Wine tasting in Malibu
Yes, as a matter of fact, there are wineries in Los Angeles. While L.A. is certainly no Napa or Sonoma, what it lacks in number of wineries, it makes up in unique winery experiences. And for a unique wine tasting experience, look no further than Malibu Wines. Set in the hills of Malibu is Malibu Wines, which is the wine tasting spot on weekends because of food trucks, live music and locally-made wine for visitors to enjoy outdoors. However, reservations are highly recommended (for a fee) on weekends. While Malibu Wines can get busy on weekends, I often prefer Rosenthal Wine Bar & Patio, which actually sits across from the Pacific Ocean on Highway 1, and also has live music and food trucks on weekends.

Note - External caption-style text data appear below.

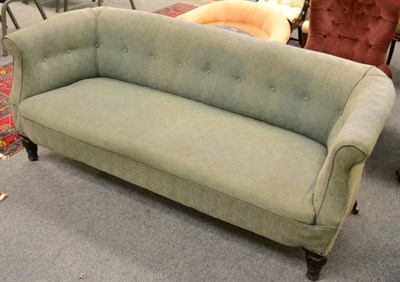 Lot 1284 - A Victorian Chesterfield settee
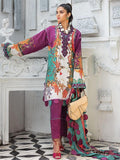 ZAHA Lawn Spring Summer 2020 2PC Embroidered Lawn Suit ZL20-02 Azalea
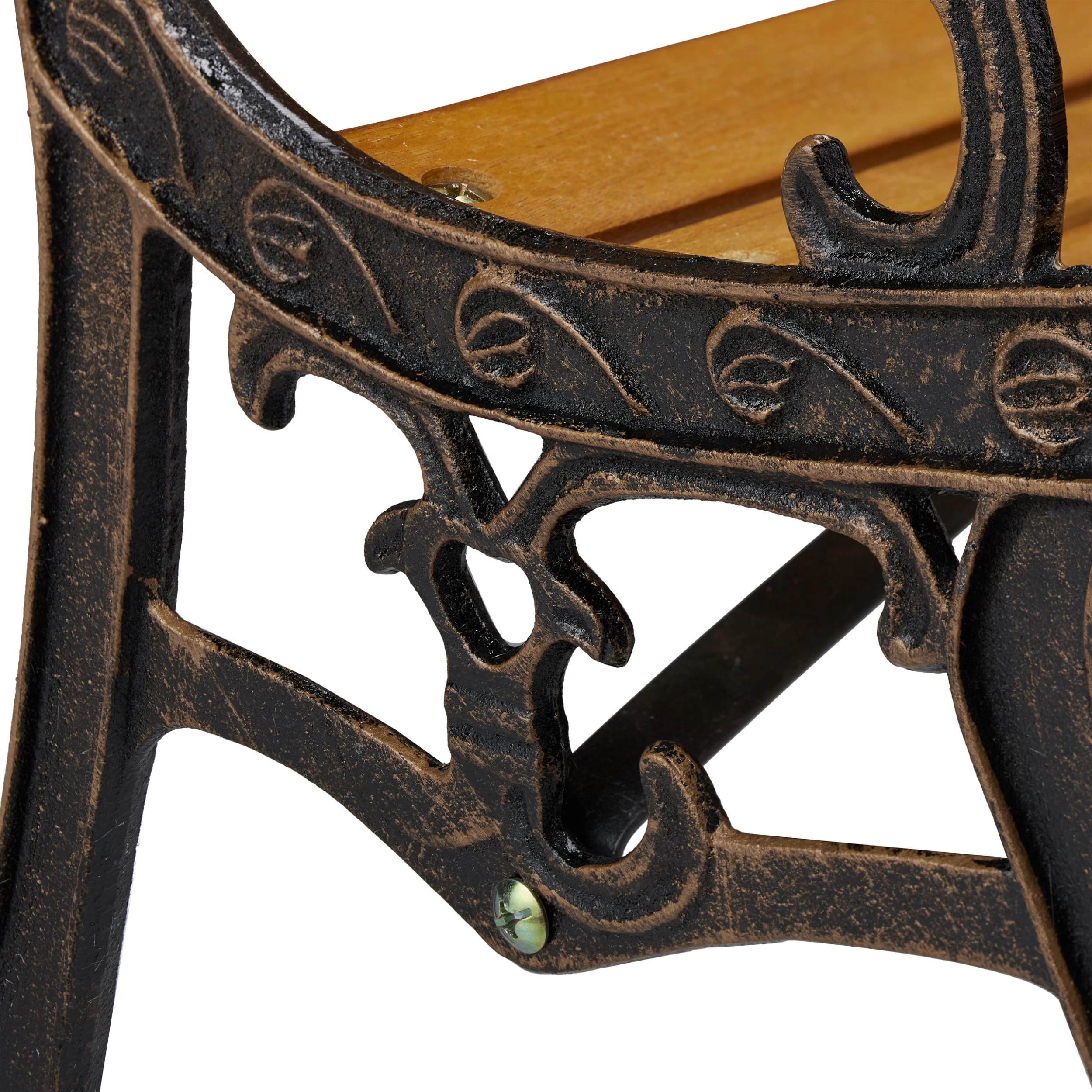 Gartenbank Kinder In Natur - (B)83 X (H)120 X (T)37 Cm – Bild 7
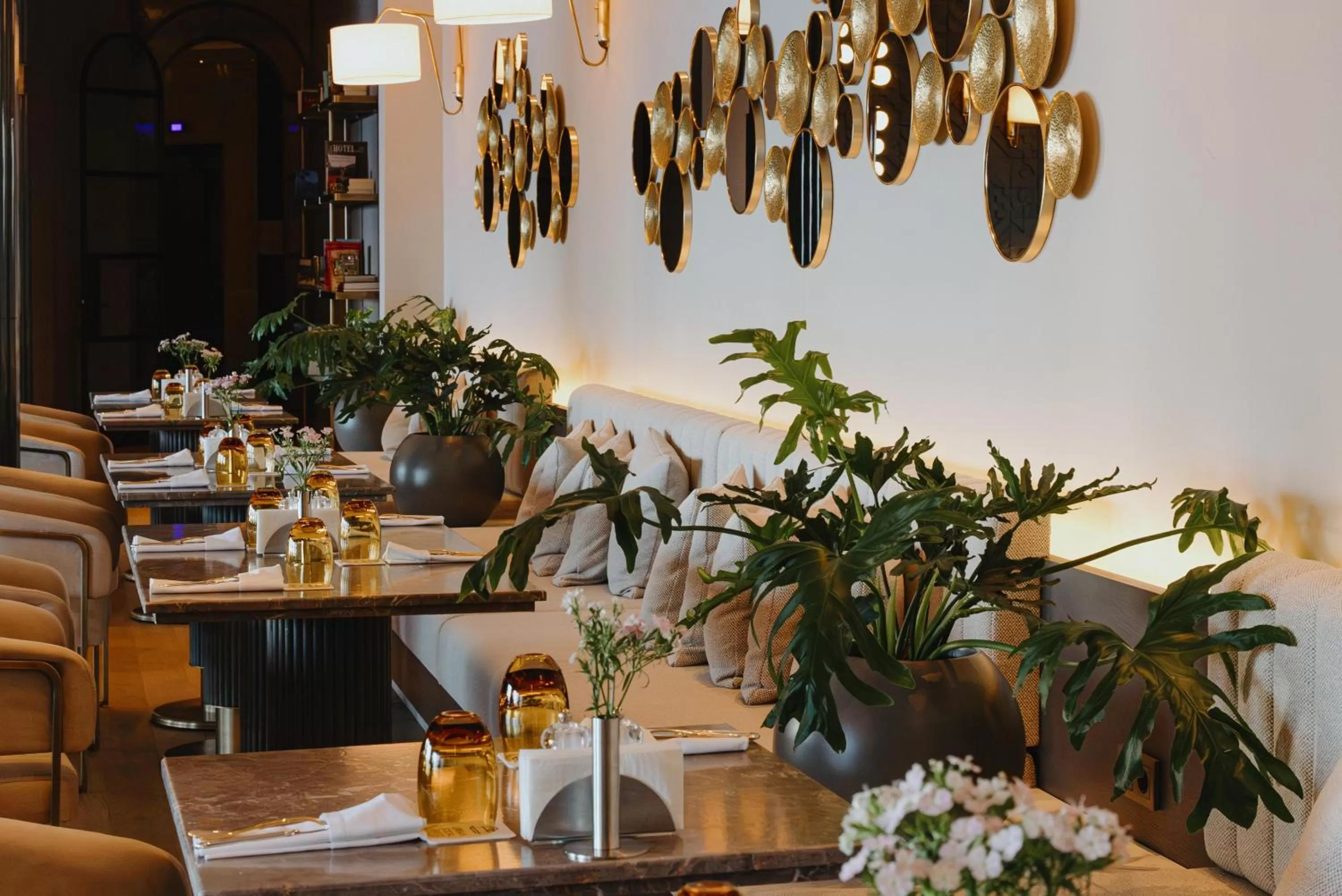 Lobby or reception in Akra Antalya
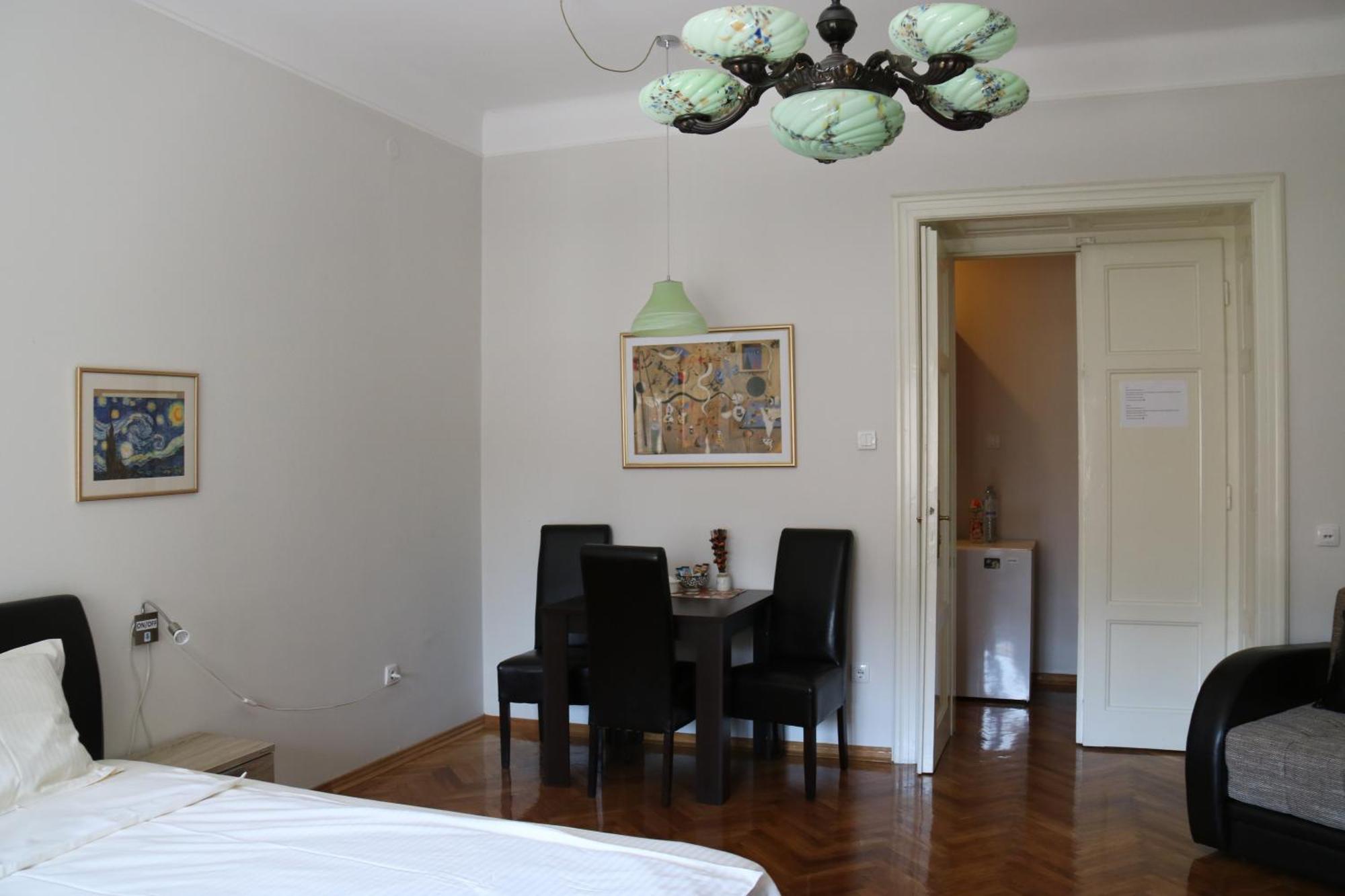 נובי סאד Apartment Centrum חדר תמונה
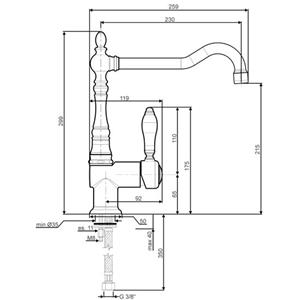 Smeg MIR6O Tap and mixer | Built-in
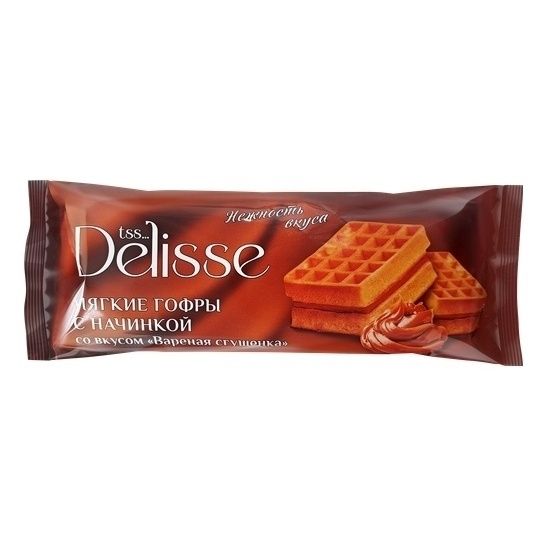 Вафли Delisse 108 г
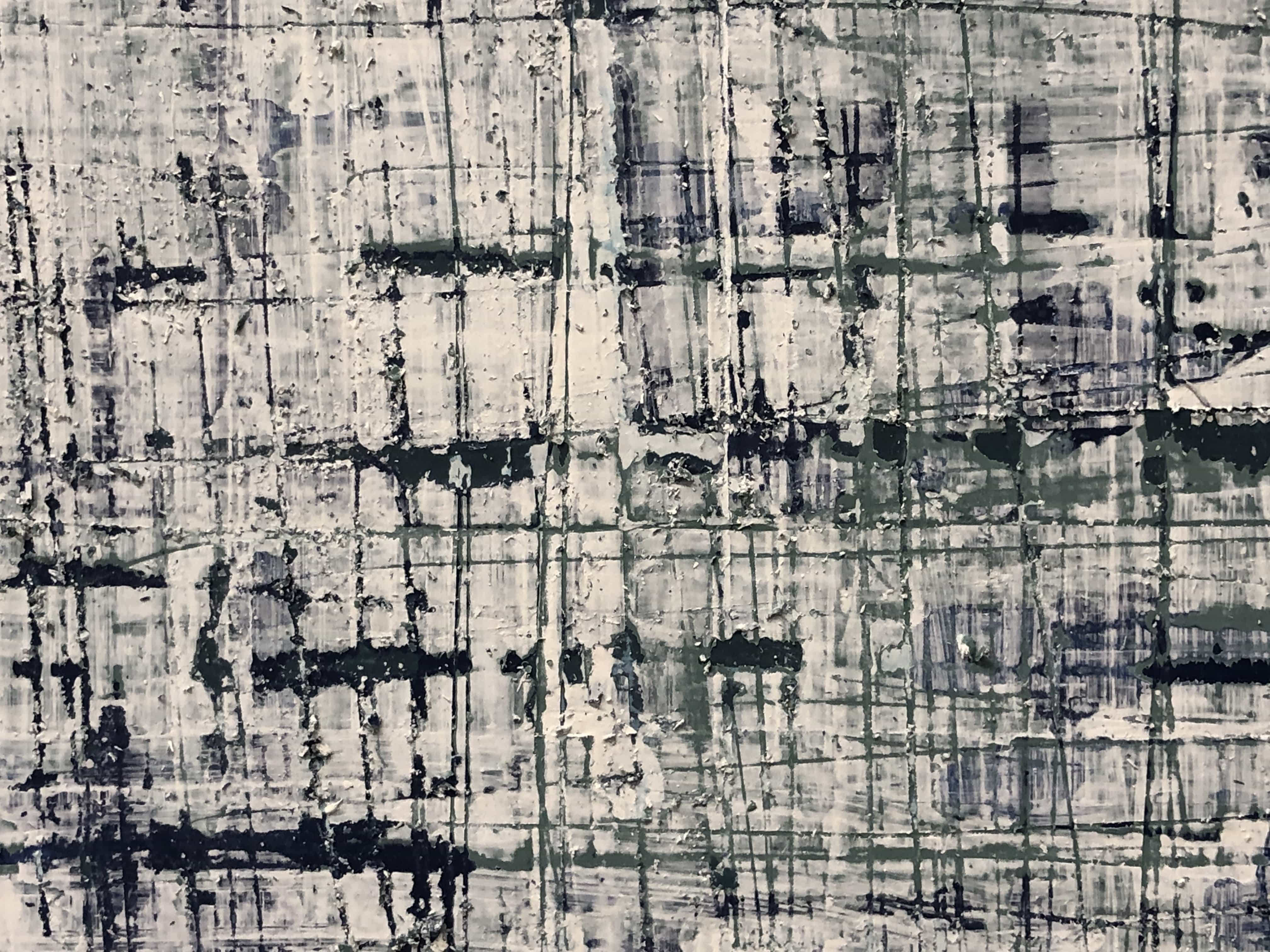 Robert Tillberg Eroding Blues | 60"x48"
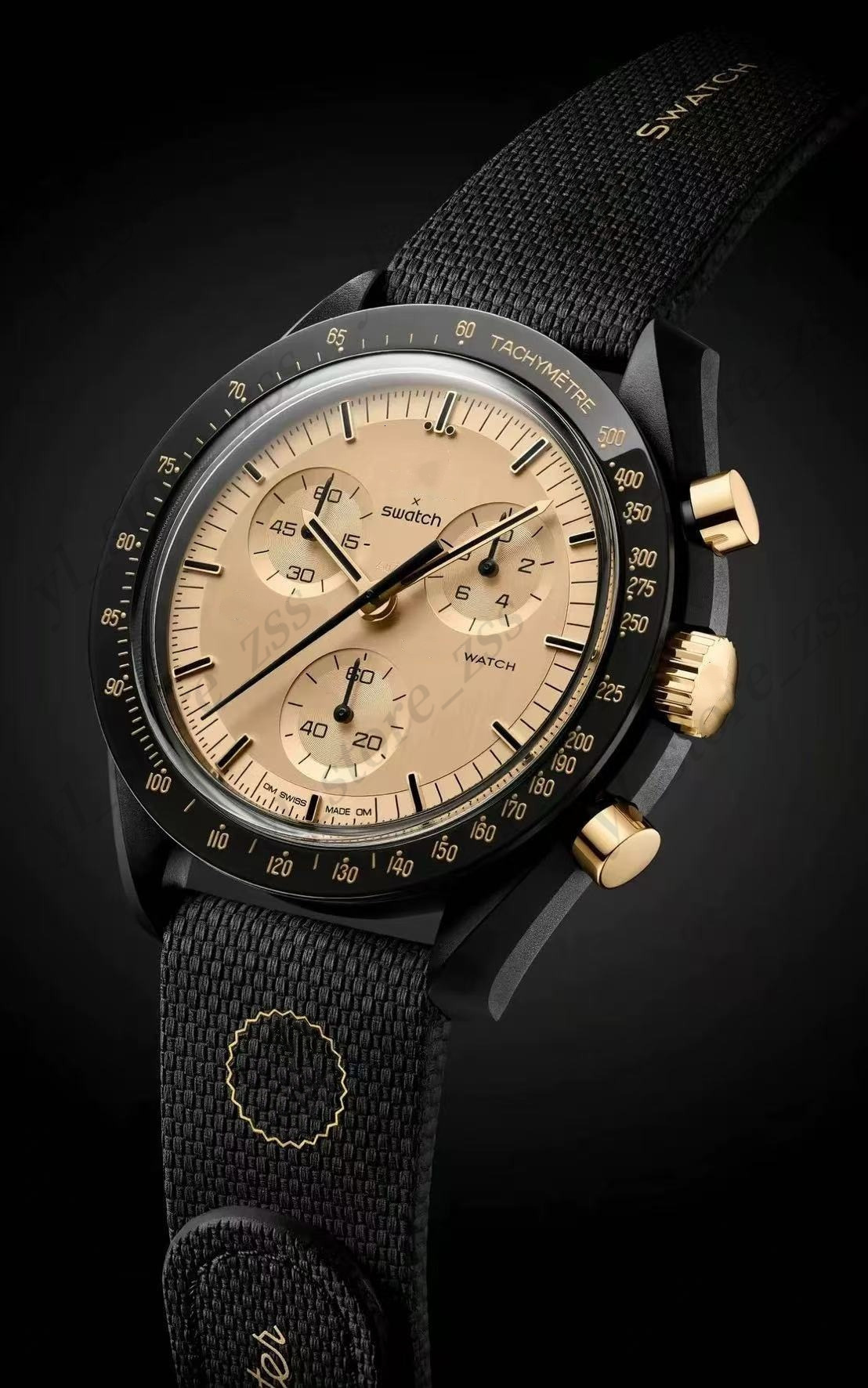 NEW Mens watches Bioceramic Planet Quarz movement designer Watch moonswatche 42mm Full Function Chronograph Luxury high quality watch fd6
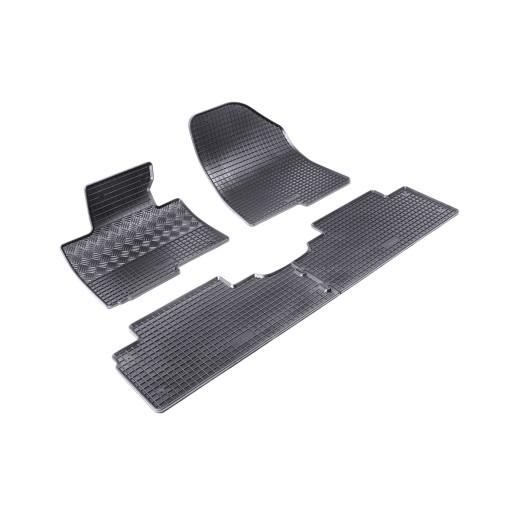 Rigum rubber car mats for Kia Carens 5 seats. (2013 -)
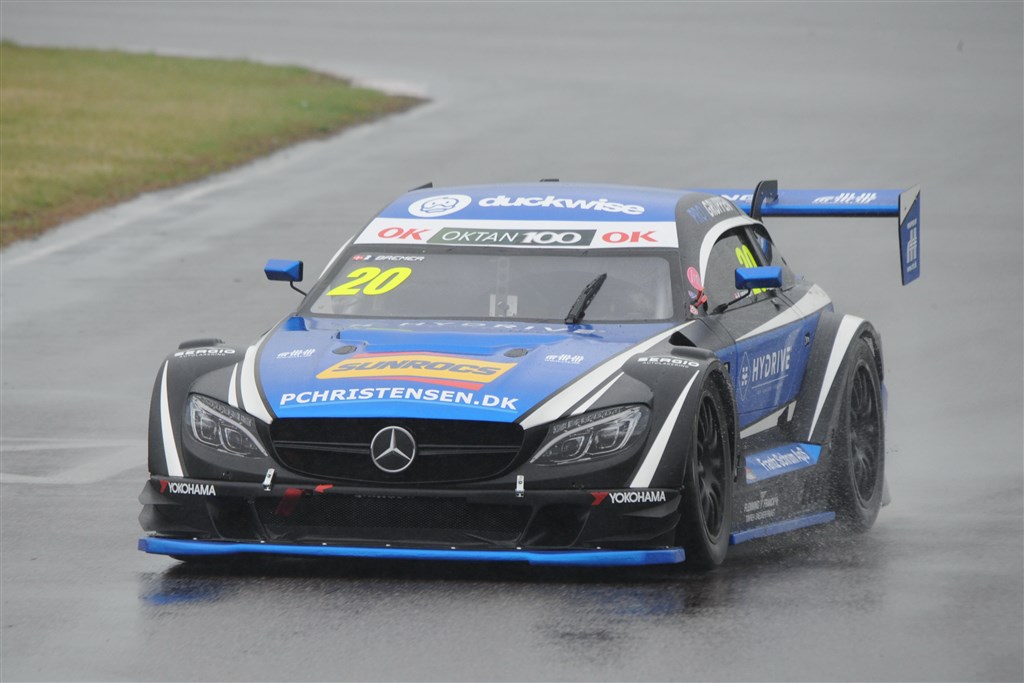 Ronnie Bremer er med i feltet, når der lørdag køres Night Race på Padborg Park.
(Foto: Morten Alstrup)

Beachfront picnic and campfire
While it’s a no-brainer to go to the beach in Los Angeles, it’s not just anywhere that you can have a bonfire on the beach (legally). And for that you’ll have to go to Dockweiler Beach, which is in my favorite Los Angeles beach town, Playa del Rey. Playa del Rey, located just south of Venice a few miles, is where you’ll find Dockweiler State Beach, featuring nearly four miles of shoreline, part of which includes fire rings that are available for use. It’s first-come, first-served, so during summer months, you’ll want to arrive early. Bring your own firewood, picnic and s’mores, and go crazy. This is the only place you can legally have a campfire on the beach in Los Angeles, although further south there is a small selection of fire rings in San Pedro at Cabrillo Beach. (More info, and the proceeding photo, courtesy of Visit Marina del Rey here.)
Rooftop Cinema Club
One of my favorite all-time things to do in Los Angeles is going to the outdoor movies. And there are so many unique outdoor movie experiences in L.A., from Cinespia’s outdoor movies at Hollywood Forever Cemetery to Street Food Cinema to actual drive-in movies at Vineland Drive-In. One of the best outdoor movie experiences in L.A. is Rooftop Cinema Club, which is just as it sounds. The organization hosts cinema nights on rooftops in multiple cities, including a couple different venues in Los Angeles. What's great about Rooftop Cinema, beyond the cool factor and views, is the fact that you're given wireless headphones to drown out that loud popcorn eater, and can kick back in comfy deckchairs. The current season is wrapping up as night temperatures start cooling down, but there are numerous movies, including Sunday evening showings, happening through November on the rooftop of NeueHouse in Hollywood.